▶ Exercise objective
In the data below, find the line with "Naples, FL 34103,37 High Point CIR E #109" and output it along with every later line, exactly, but not the pictures.

▶ Data for this task
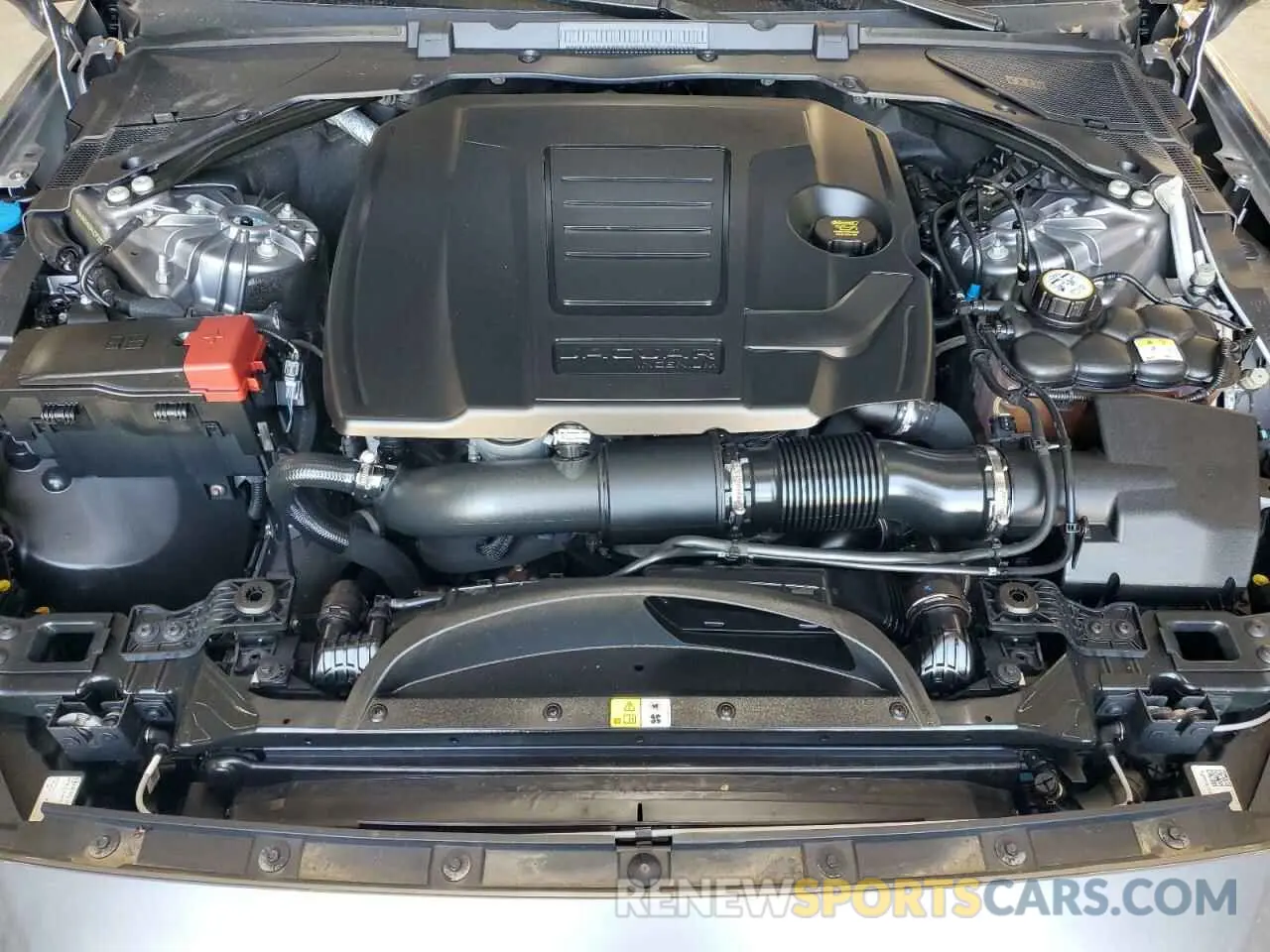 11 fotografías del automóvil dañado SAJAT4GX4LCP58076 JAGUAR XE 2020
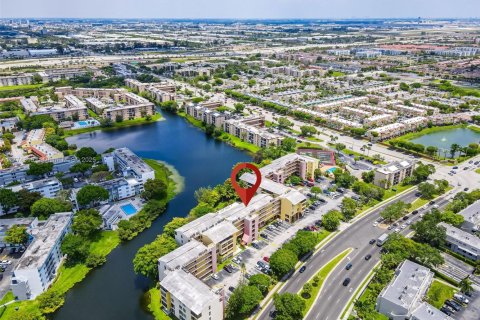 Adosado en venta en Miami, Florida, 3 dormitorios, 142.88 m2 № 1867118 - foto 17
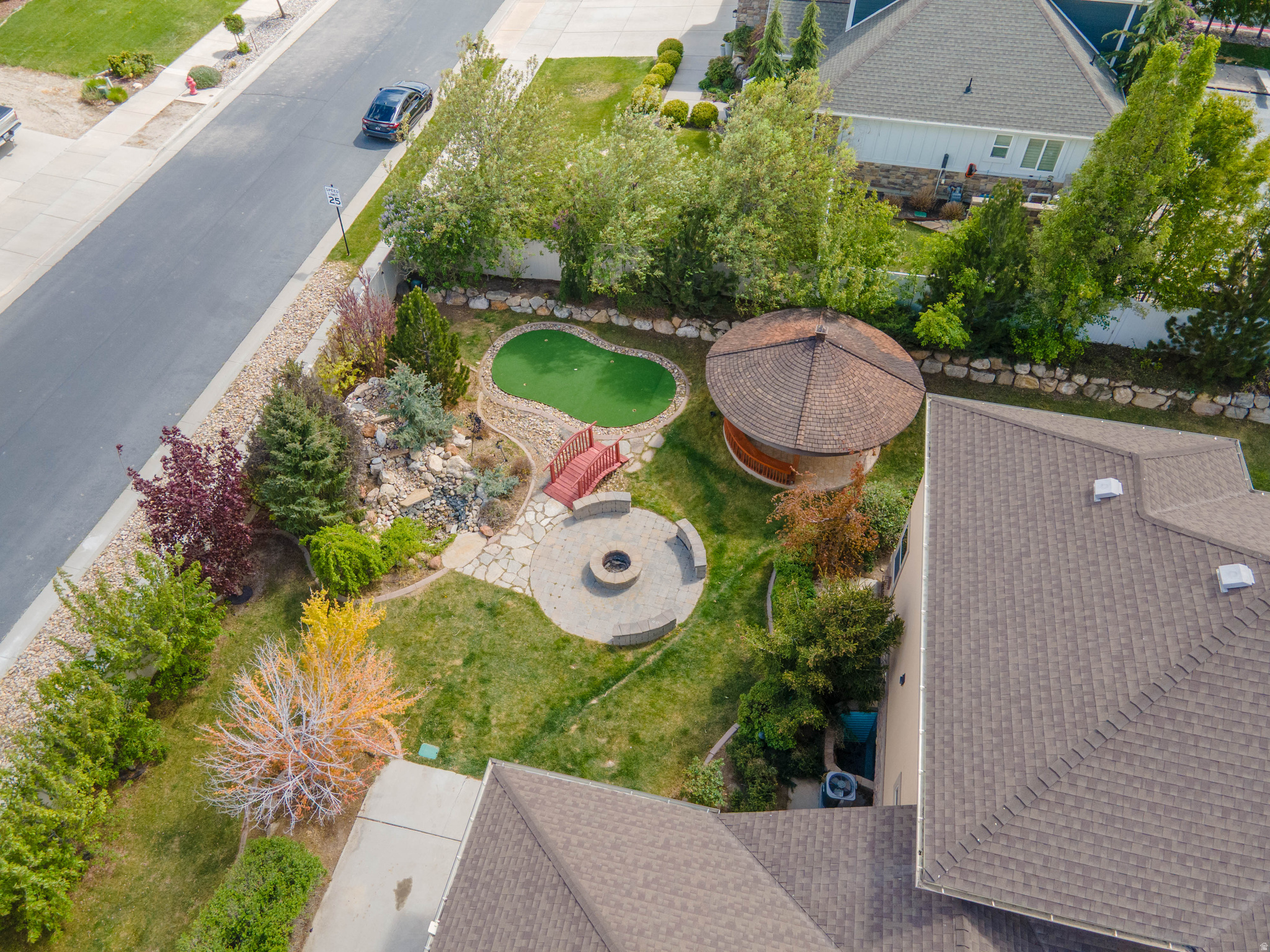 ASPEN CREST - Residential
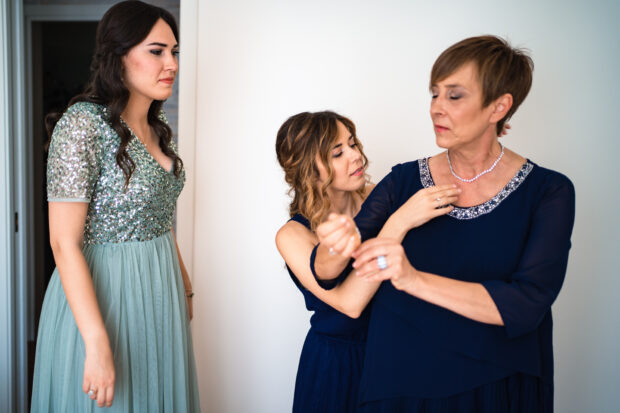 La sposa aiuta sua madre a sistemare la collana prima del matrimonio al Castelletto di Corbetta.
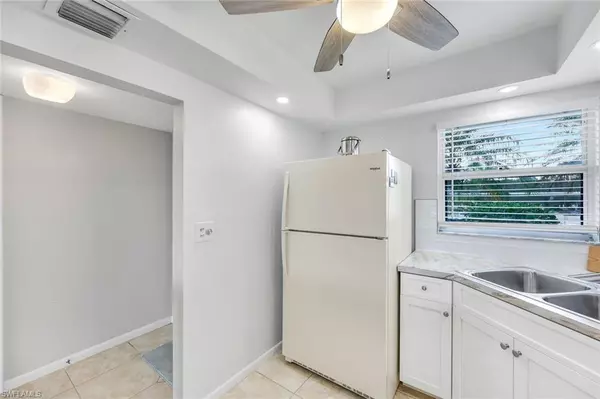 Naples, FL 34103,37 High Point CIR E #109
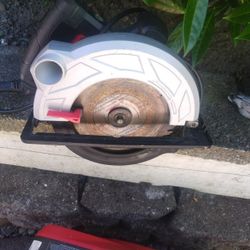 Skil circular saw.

▶ Response for this exercise
 Naples, FL 34103,37 High Point CIR E #109
 Skil circular saw.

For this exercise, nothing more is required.